◆ Task goal: Please restate, word for word, the lines below that begin at the one with "MICOOYO Hundebox Bett" and end at the one with "Rice Is Winnowed In Bali". Leave out all other lines.

◆ Data under study:
++++++++++
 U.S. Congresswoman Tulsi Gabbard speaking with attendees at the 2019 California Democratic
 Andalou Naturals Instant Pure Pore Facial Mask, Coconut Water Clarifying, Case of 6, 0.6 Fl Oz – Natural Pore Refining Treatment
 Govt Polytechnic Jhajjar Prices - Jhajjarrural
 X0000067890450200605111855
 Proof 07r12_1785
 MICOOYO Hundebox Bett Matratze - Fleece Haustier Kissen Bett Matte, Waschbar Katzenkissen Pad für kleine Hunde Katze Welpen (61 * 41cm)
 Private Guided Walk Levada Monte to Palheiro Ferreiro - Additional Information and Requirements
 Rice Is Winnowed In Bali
++++++++++
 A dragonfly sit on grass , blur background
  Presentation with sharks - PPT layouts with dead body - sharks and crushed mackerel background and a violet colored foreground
++++++++++
◆ Answer to this task:
 MICOOYO Hundebox Bett Matratze - Fleece Haustier Kissen Bett Matte, Waschbar Katzenkissen Pad für kleine Hunde Katze Welpen (61 * 41cm)
 Private Guided Walk Levada Monte to Palheiro Ferreiro - Additional Information and Requirements
 Rice Is Winnowed In Bali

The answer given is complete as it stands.